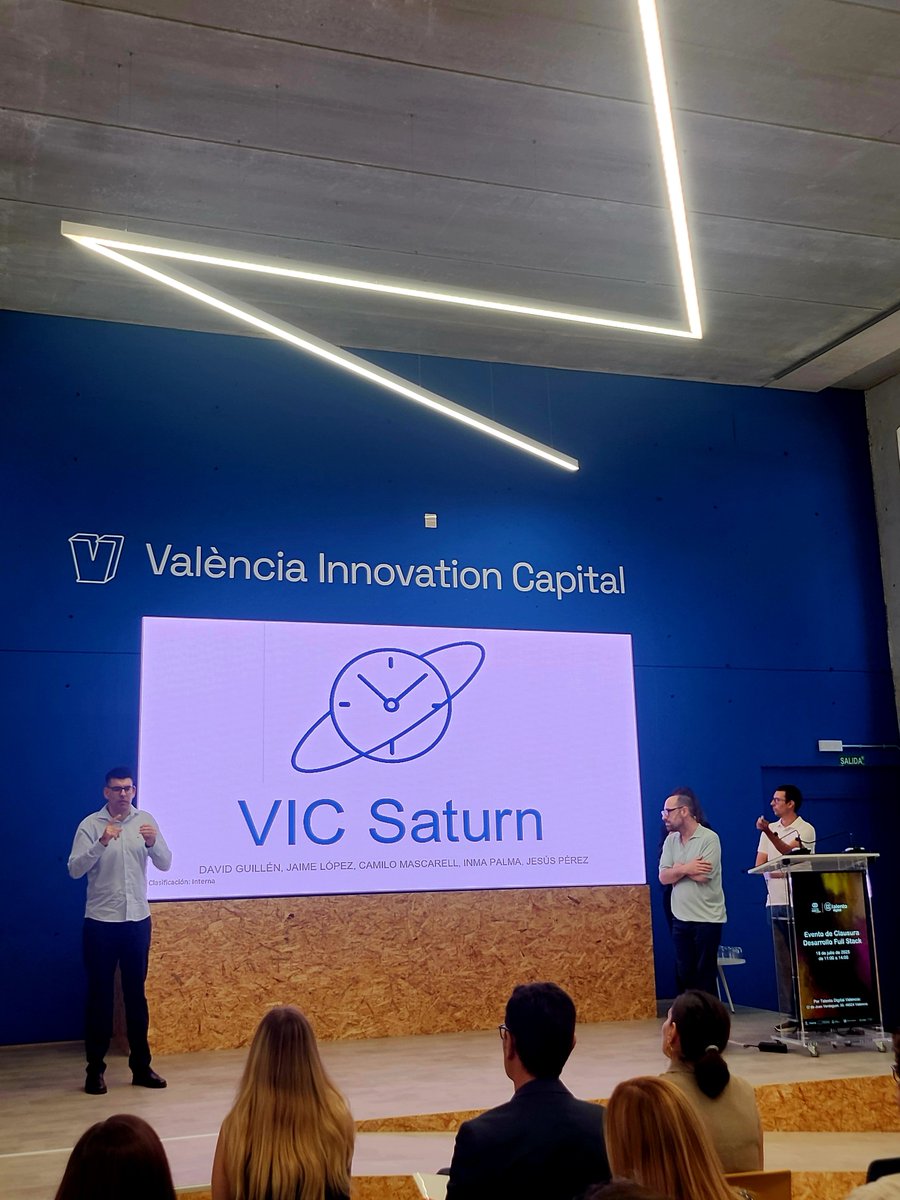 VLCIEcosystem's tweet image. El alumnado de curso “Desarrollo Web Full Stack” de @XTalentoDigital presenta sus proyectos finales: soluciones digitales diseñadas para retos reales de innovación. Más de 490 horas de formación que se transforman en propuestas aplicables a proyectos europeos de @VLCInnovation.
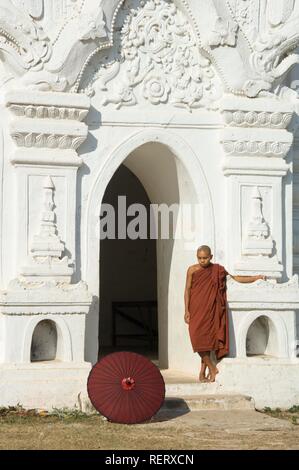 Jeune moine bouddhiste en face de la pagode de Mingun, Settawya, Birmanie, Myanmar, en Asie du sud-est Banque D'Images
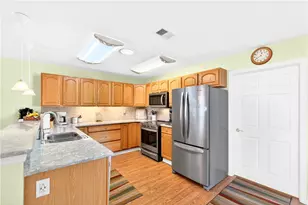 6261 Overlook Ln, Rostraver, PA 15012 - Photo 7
○ ○ ○
### YOUR ASSIGNMENT
When the listing is transcribed, every line must match the original exactly, and the pictures must be left out.

### TASK ANSWER
 VLCIEcosystem's tweet image. El alumnado de curso “Desarrollo Web Full Stack” de @XTalentoDigital presenta sus proyectos finales: soluciones digitales diseñadas para retos reales de innovación. Más de 490 horas de formación que se transforman en propuestas aplicables a proyectos europeos de @VLCInnovation.
 Jeune moine bouddhiste en face de la pagode de Mingun, Settawya, Birmanie, Myanmar, en Asie du sud-est Banque D'Images
 6261 Overlook Ln, Rostraver, PA 15012 - Photo 7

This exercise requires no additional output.